Écrit et réalisé par Nicolas Winding Refn
Avec : Ryan Gosling, Kristin Scott Thomas, Vithaya Pansringarm, ...
Festival de Cannes 2013 - Compétition Officielle
1h30
Sortie : 22 mai 2013
-
À double tranchant
Alors que le sensationnel
Drive avait reçu un accueil unanime de la part de la critique au
Festival de Cannes 2011, repartant même avec un Prix de la mise en
scène, Only God Forgives, nouveau film du danois Nicolas Winding
Refn divise profondément. Alors que certains parlent d'un film
supérieur à Drive, d'autres crient à l’arnaque superficielle. La
faute à une attente trop ardente ou à un film plus complexe que
Drive ? Un peu des deux probablement. Ce qui est sûr, c'est que
Only God Forgives ne s'impose pas aussi facilement que Drive et c'est
tant mieux. Cela nous montre que Nicolas Winding Refn ne s'est pas
reposé sur ses lauriers et qu'il en a encore dans la besace.
Difficile de catégoriser le film comme un chef-d’œuvre ou un
nanar. Mais finalement, ce sont les films qui font débat qui
demeurent les plus intéressants (regardez La Grande Bouffe ou Sous
le Soleil de Satan). Loin de comparer Only God Forgives à ces
illustres exemples, le film possède ce je-ne-sais-quoi qui vous
retourne le cerveau et bouleverse votre jugement. Rien n'est résolu
au sortir du film et c'est cela qui nous embête. Nicolas Winding
Refn prend le paris osé de nous présenter un film qui ne s'offre
pas totalement à la première vision. Objet de méditation, de
reconsidération constante, le film ne vous lâche pas.
Ce qui peut rebuter de
prime abord, c'est cette mise en scène aussi massive qu'une enclume.

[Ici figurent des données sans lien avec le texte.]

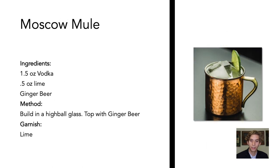The last vodka drink we will be reviewing is a Moscow Mule. A Moscow Mule is made with vodka, lime, and ginger beer. Ginger beer is a non-alcoholic sparkling beverage. This drink is built in a copper mug and topped with ginger beer. When we top drinks, we fill the remaining space in the glass with the ingredients we are topping with. Most of the time, we top drinks with carbonated ingredients, as they can't be shaken.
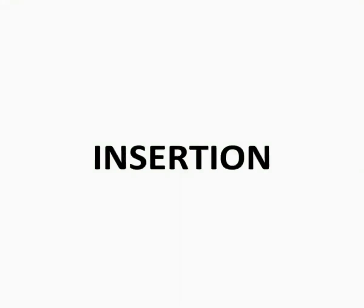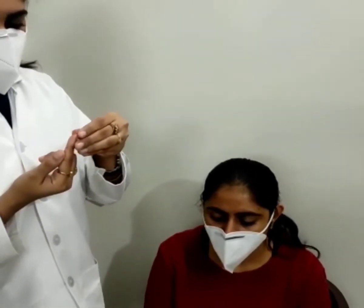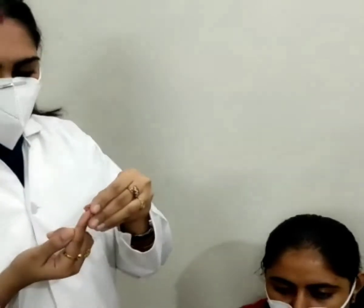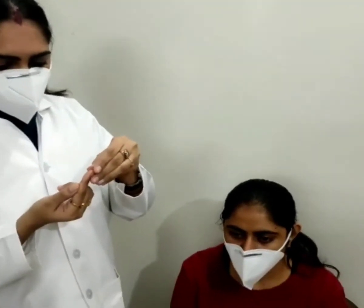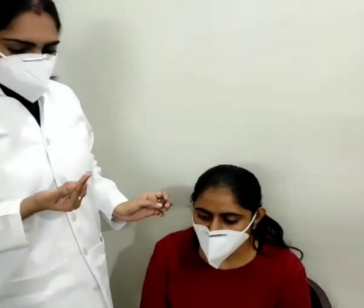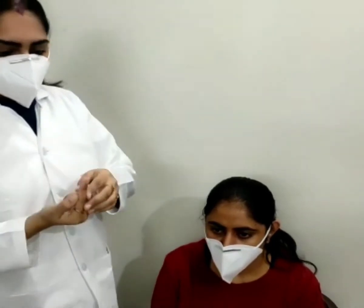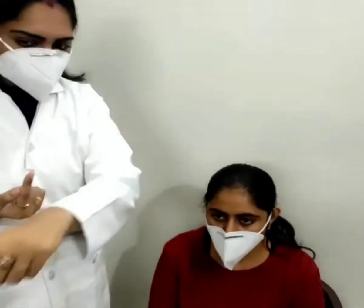The next step is insertion. Always apply the right lens first to avoid mixing. Stand to the side of the patient. Place the lens on the tip of a dry index finger. Now instruct the patient to fixate at an object in the straight ahead position.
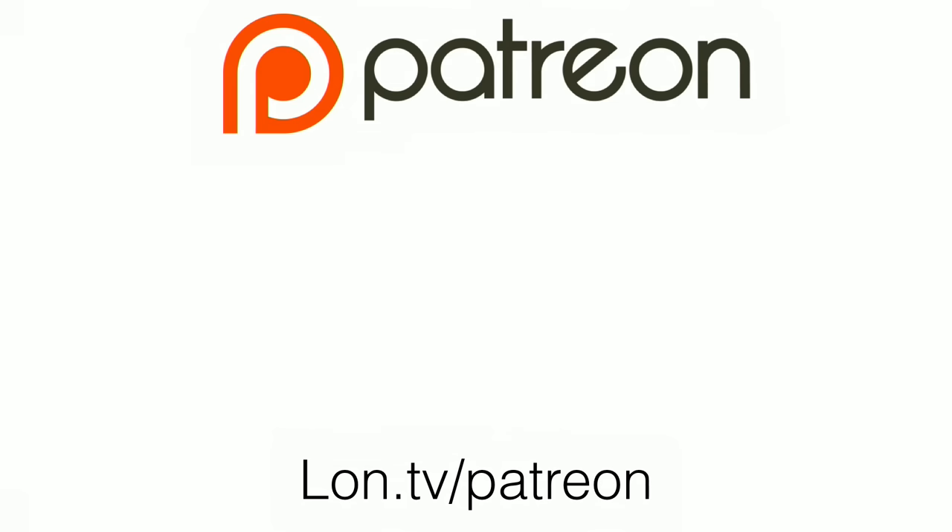Hey everybody, it's Lon Seidman, and it's time for your weekly wrap-up. I want to begin by letting you know we didn't get any new Patreon supporters this week. I thought about pulling the slide out completely, but I know people would ask. Nobody new contributed to the Patreon in the last week, but if we get any new ones, we'll put them on for next week.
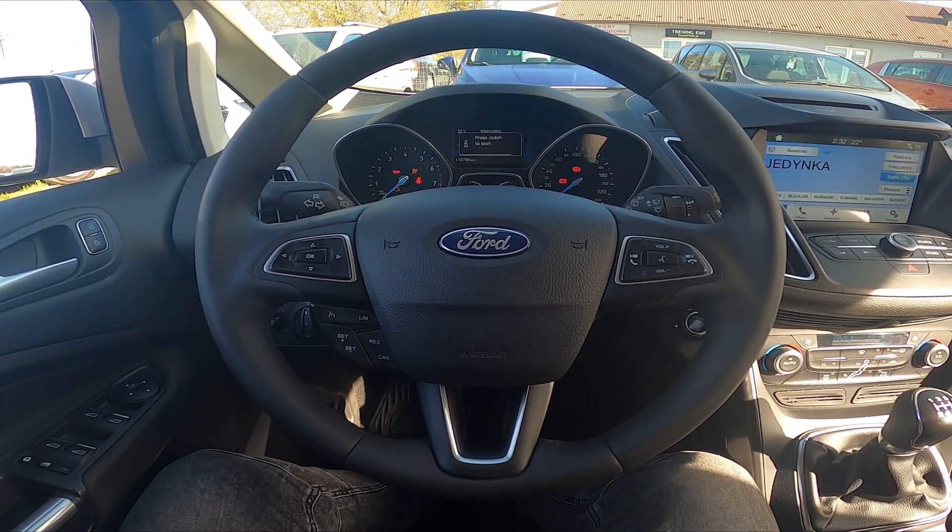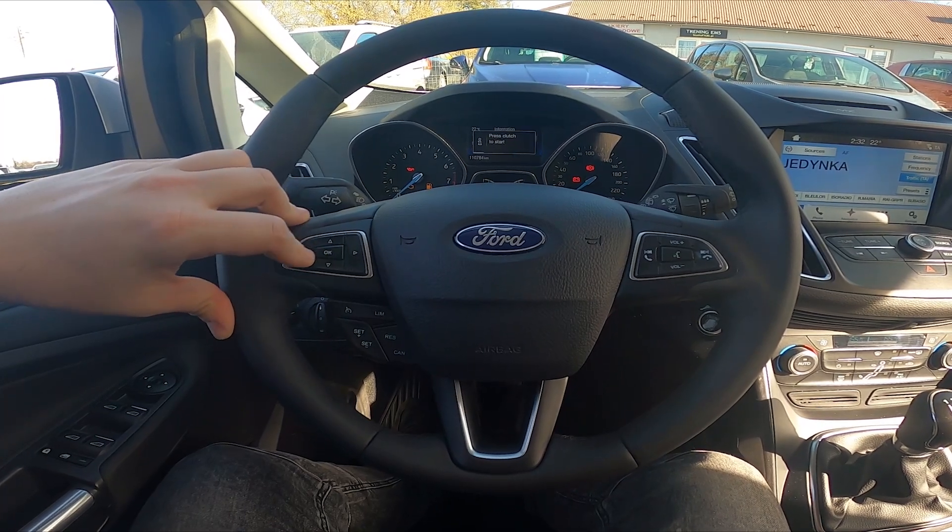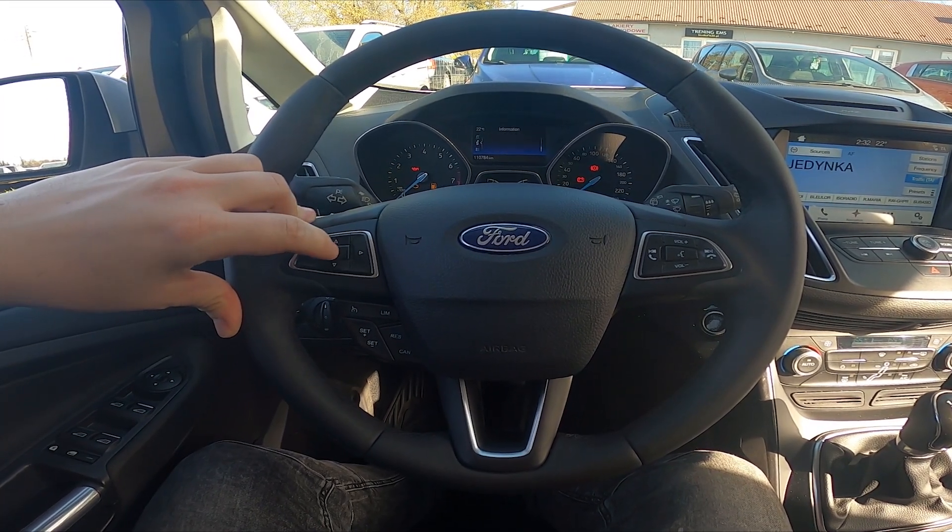Hello, today I'm in a Ford C-MAX. In this video I'll show you how to find the digital speedometer.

Nicolas Winding Refn ne redoute pas les effets de style en martelant
son film à coup de travellings pesants, de cadrages archi-structurés
et d'éclairages en veux-tu en voilà. Même si le réalisateur
assume cette mise en scène ultra-visible, elle n'est pas toujours
efficace. Le film manque clairement de souffle et de respiration, ce
qui en rend la vision pénible. Certains rétorqueront que c'est
justement ce que recherche Nicolas Winding Refn. Mais n'est-ce pas
une facilité ? Nicolas Winding Refn force les traits au crayon
gras, craint de ne pas se faire comprendre, au lieu de faire
confiance à l'appareil cinématographique. Le réalisateur cherche clairement la distanciation. Alors qu'il
nous mettait en empathie absolue avec le conducteur de Drive, Nicolas
Winding Refn refuse toute identification (comment pourrait-on se
projeter dans cet univers suffocant aussi lointain que Bangkok?).

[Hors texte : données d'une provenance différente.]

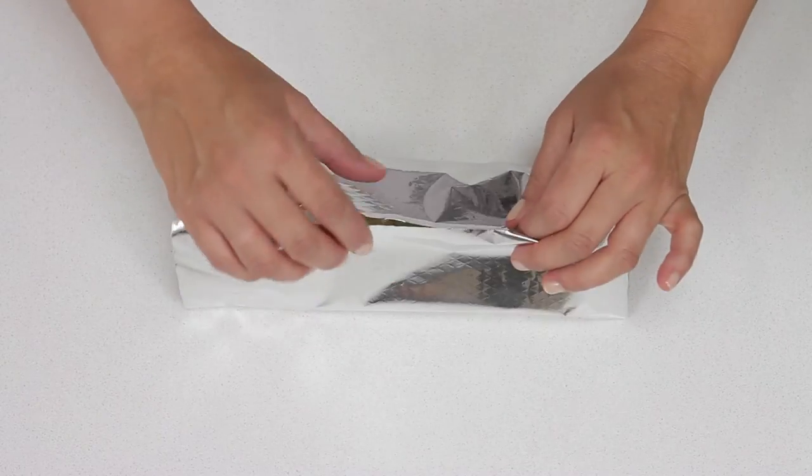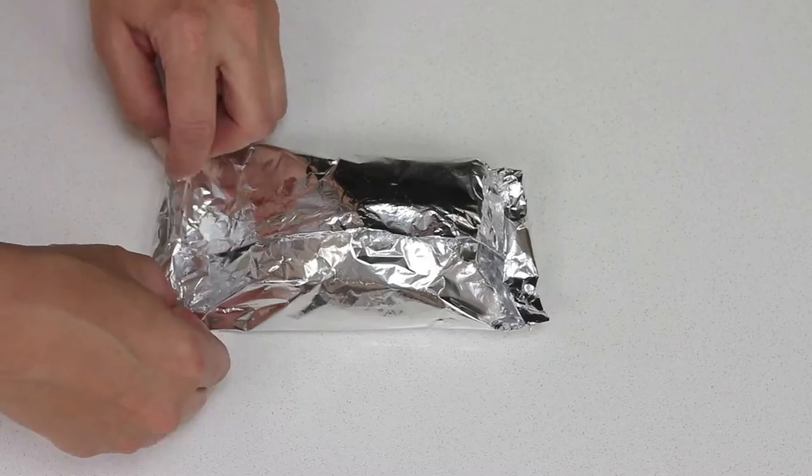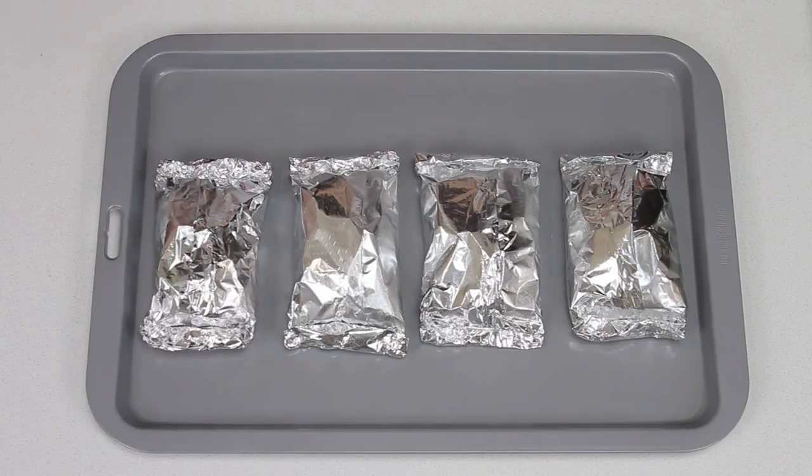Bring the sides of the foil up to meet in the centre. Fold the edges together to seal and roll up the ends to enclose the filling. Place on a baking tray. The fish is now ready to cook.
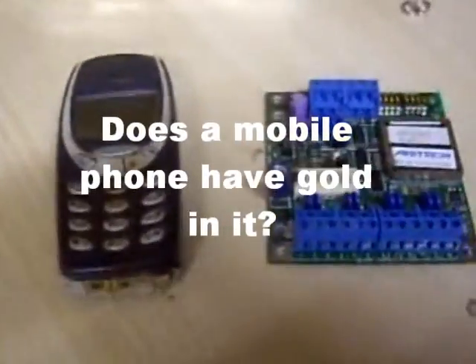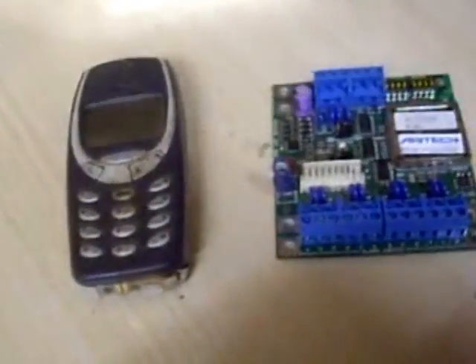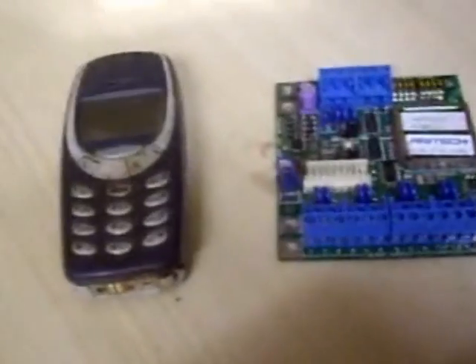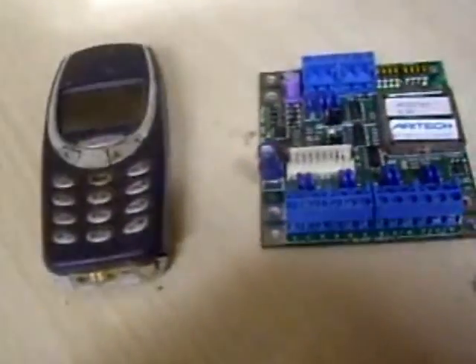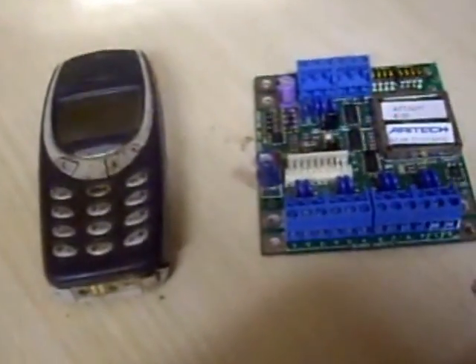Hi there, English Picker here. I'm getting around to doing a video about hidden gold. I've seen lots of videos online about getting gold out of cell phones, out of computers, and they're all a bit wishy-washy and airy-fairy, so I thought I'd do a bit of investigation into this and see what I can come up with.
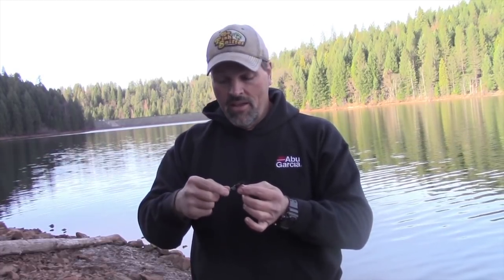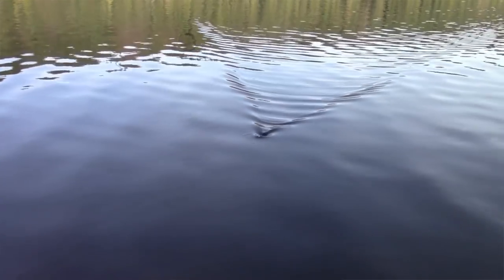A couple points about the retrieve: you can cast it out and just slow roll it back in — that's effective. I find trout will follow it for long distances; sometimes they hit, sometimes they don't. You can vary the action by doing a stop-and-start retrieve or twitching the rod tip. That stops the blade from spinning, the fly drops a little, then lifts up — and a lot of times I'll get hit right after that. I really like to wake it along the surface, just enough to create a V-wake. I believe when trout see that V-wake they think it's another fish, come up to investigate, and then see that fly limping along with the blade turning.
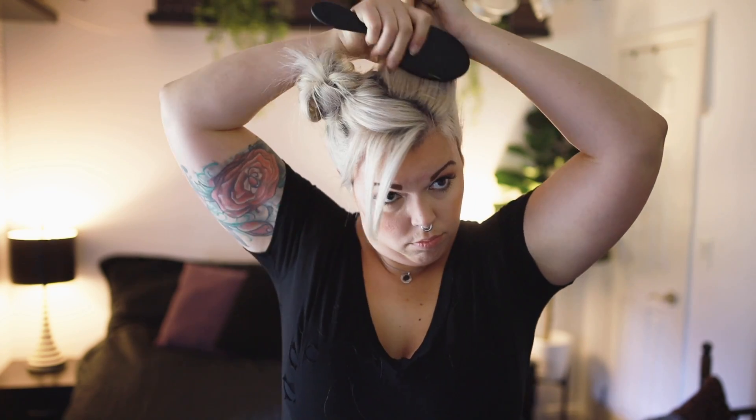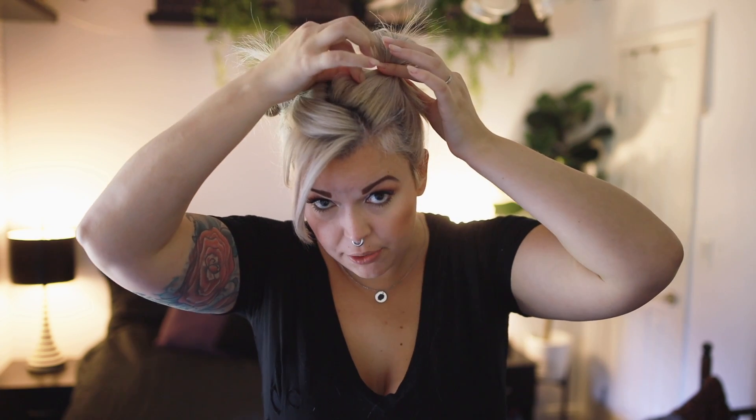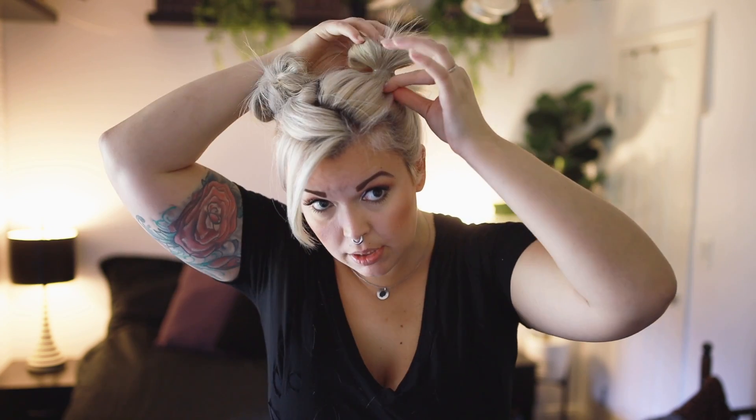Now I'm gonna grab this side and comb it up. I'm gonna grab an elastic, wrap it around the hair, and then pull it halfway out. Before I move forward, I'm gonna pull a little bit of this out so that I get some fullness up top.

Julian n'est pas le super-héros qu'on attendait. Enchaînant les
échecs, il subit au lieu d'agir. Quel est alors l’intérêt d'un
film qui, apparemment, ne veut pas de nous, spectateurs ?
Nicolas Winding Refn ne limite pas son film à sa vision plastique.

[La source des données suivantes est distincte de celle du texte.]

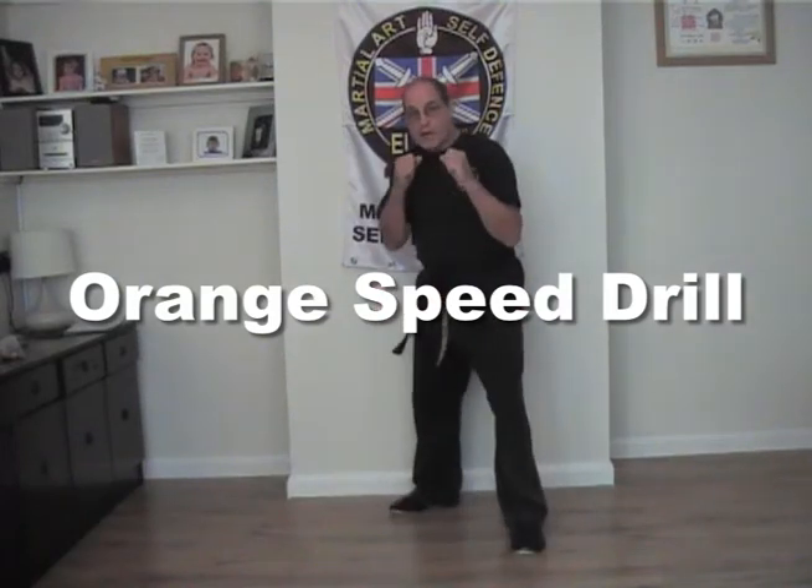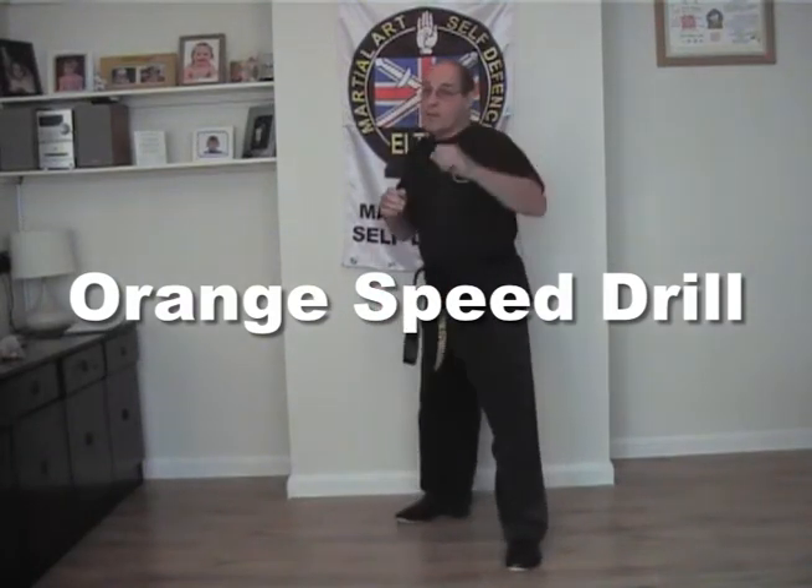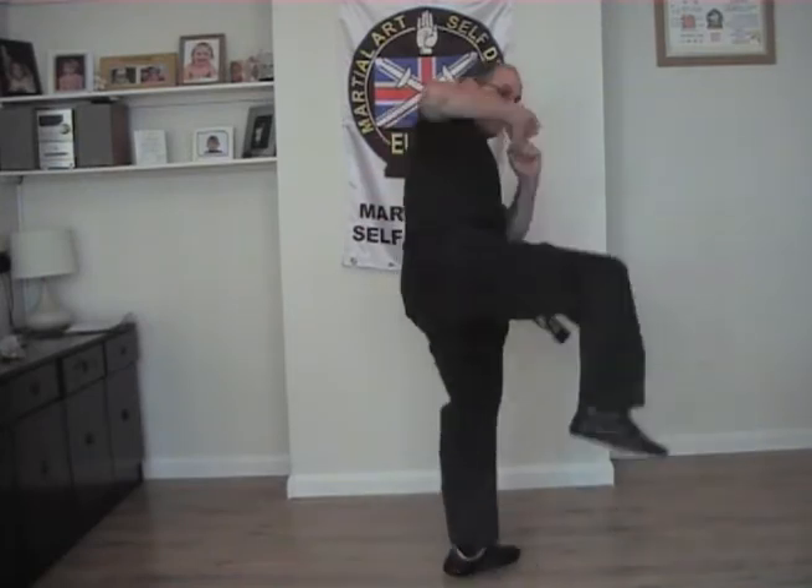One speed drill: slide forward, left front stance, front punch, rear punch, weave, rear punch, rotate the ball of the front foot into a swing kick.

En réduisant son scénario à deux lignes de texte, Nicolas Winding
Refn ne cherche pas à nous raconter une histoire en bonne et due
forme. C'est ainsi que le film atteint une dimension mythologique.
Nicolas Winding Refn affirme que la base du film était l'idée d'un
personnage se battant contre Dieu. Dieu, ce pourrait être Crystal ou
Chang (justement surnommé « l'Ange de la Vengeance). Nous
assistons alors à un combat de Titans où les raisons de la violence
nous dépassent. A ce titre, les décors sont savamment étudiés.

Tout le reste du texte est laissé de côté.